AIM OF THE EXERCISE :: After finding the line that holds "Olight Baton 4" below, set down that line and the rest through the final one exactly, leaving the pictures out.
━━ EXTRACTED RECORDS ━━
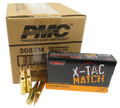.308 Win. Ammo 168gr OTM Sierra PMC X-TAC Match (308XM) 200 Rounds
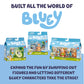 Buy now Bluey Pass The Parcel Figurine Toys Pack of 4, Character Toys with Bingo, Lucky’s Dad, and Lila Figures, Small Action Figures for Kids Ages 3+ at indiglob india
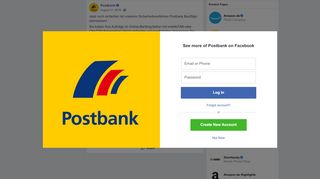 
                            5. Postbank - Jetzt noch einfacher mit unserem... | Facebook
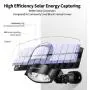GUMGLEX Solar Landscape Lights Outdoor - 10 LED Spot Wall Lights 2-in-1 IP67 Waterproof - Intelligent ON/Off Sensors - Transparent Top Cover - 6500K - Cold White - 4 Pack GUMGLEX Solar Landscape Lights Outdoor - 10 LED Spot Wall Lights 2-in-1 IP67 Waterproof - Intelligent ON/Off Sensors - Transparent Top Cover - 6500K - Cold White - 4 Pack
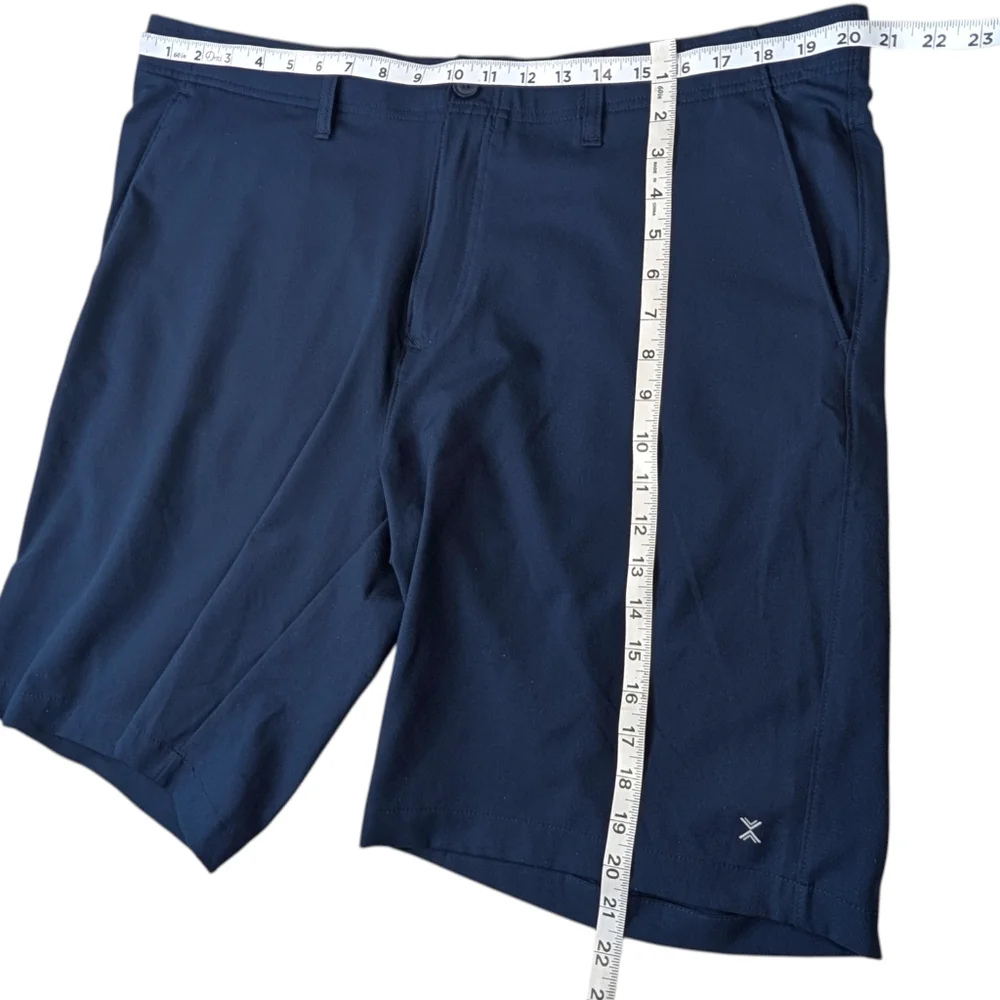 Xersion Mens XL Quick Dry Golf Shorts Blue Athletic Performance Chino Pockets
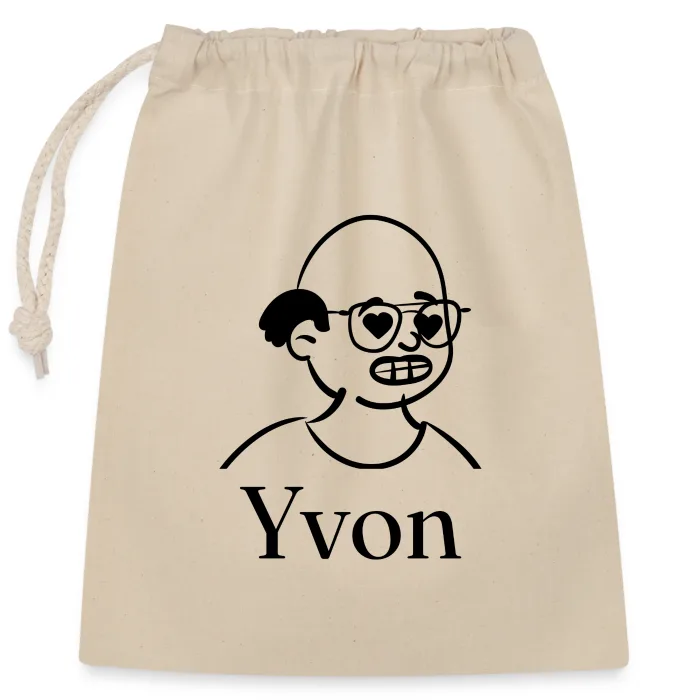 Sac cadeau personnalisé au prénom Yvon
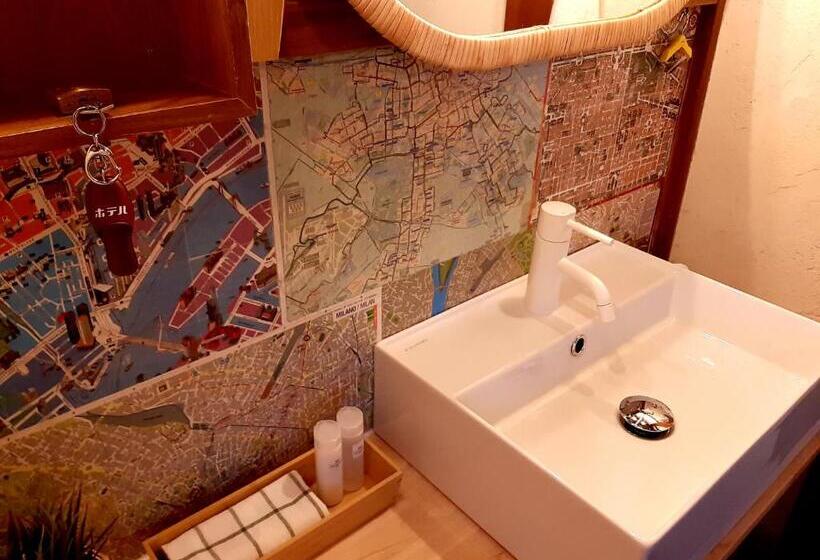 غرفة عائلية حمام مشترك, Guesthouse Futareno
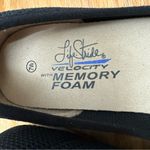 Life Stride Indy Wedge black flats Slip-On comfort shoes size 7 W Photo 4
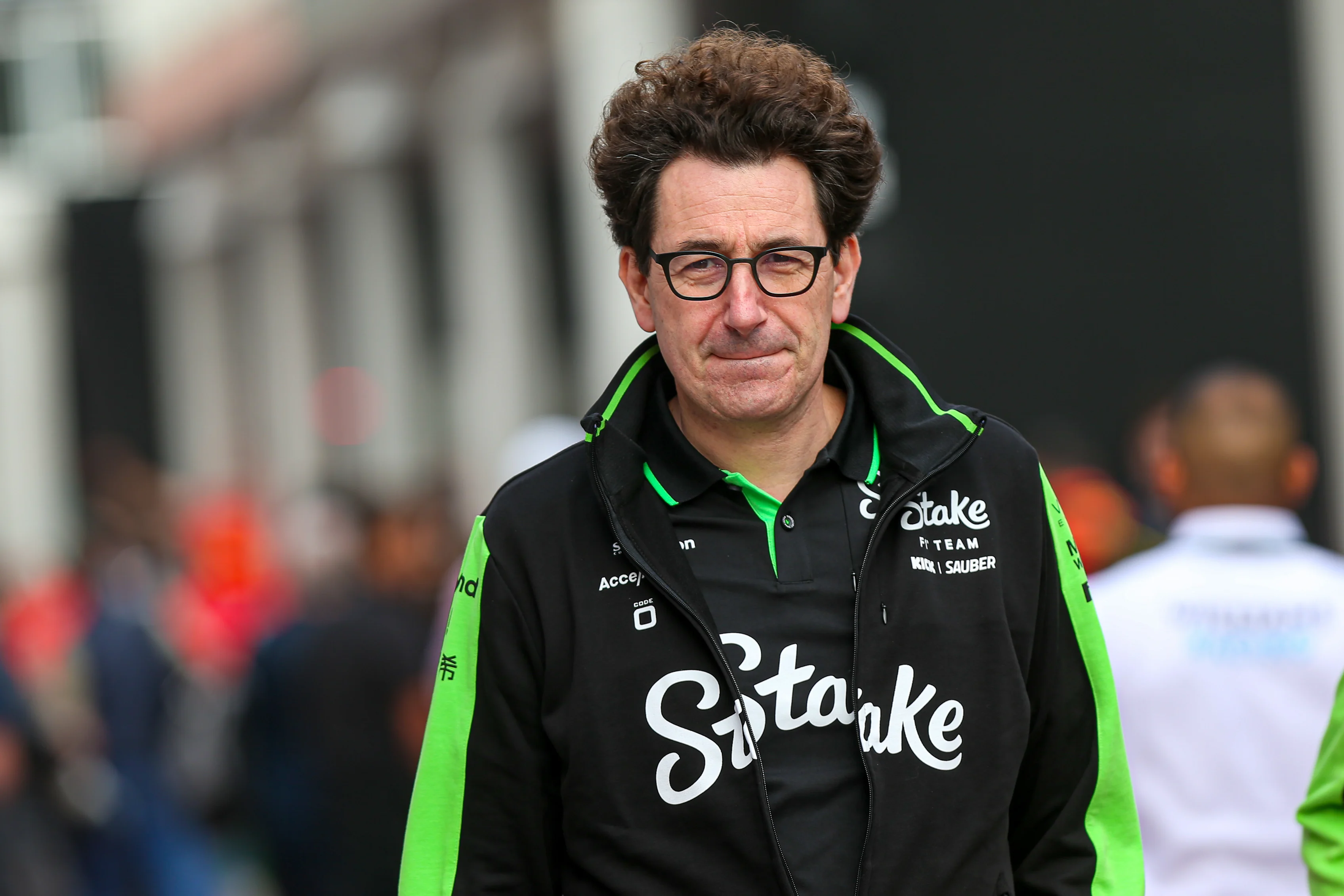 Mattia Binotto is the Managing Director of Sauber Motorsport during the Formula 1 Pirelli United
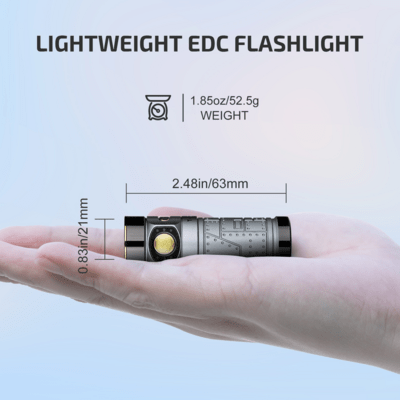 Olight Baton 4 Rechargeable Flashlight (Fighter Pilot Edition) - KNIFESTOCK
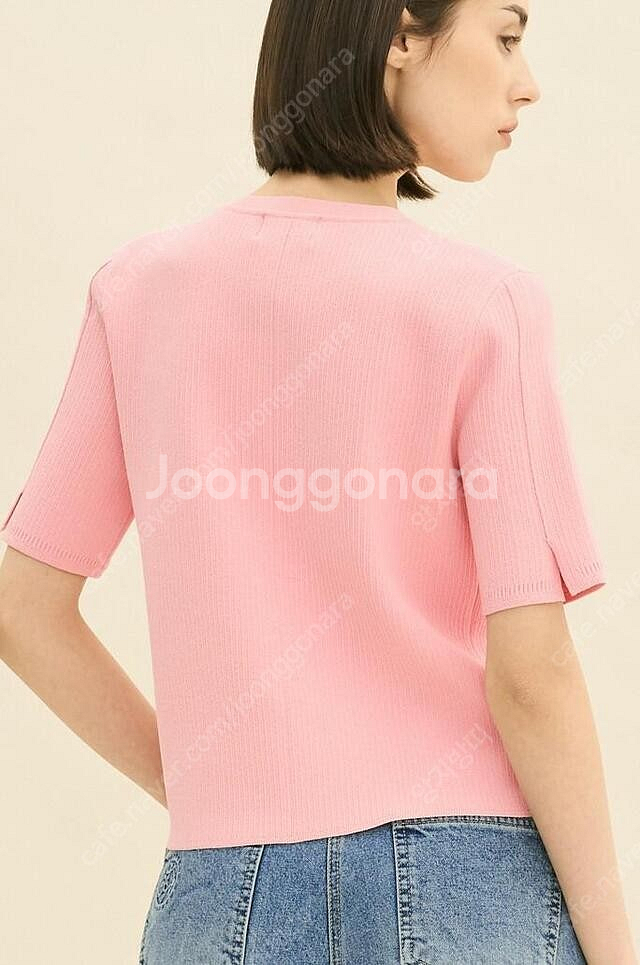 (정가565000원 새상품) 타임 엠브로이더리 슬릿 가...--5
━━━
YOUR RESPONSE ::
 Olight Baton 4 Rechargeable Flashlight (Fighter Pilot Edition) - KNIFESTOCK
 (정가565000원 새상품) 타임 엠브로이더리 슬릿 가...--5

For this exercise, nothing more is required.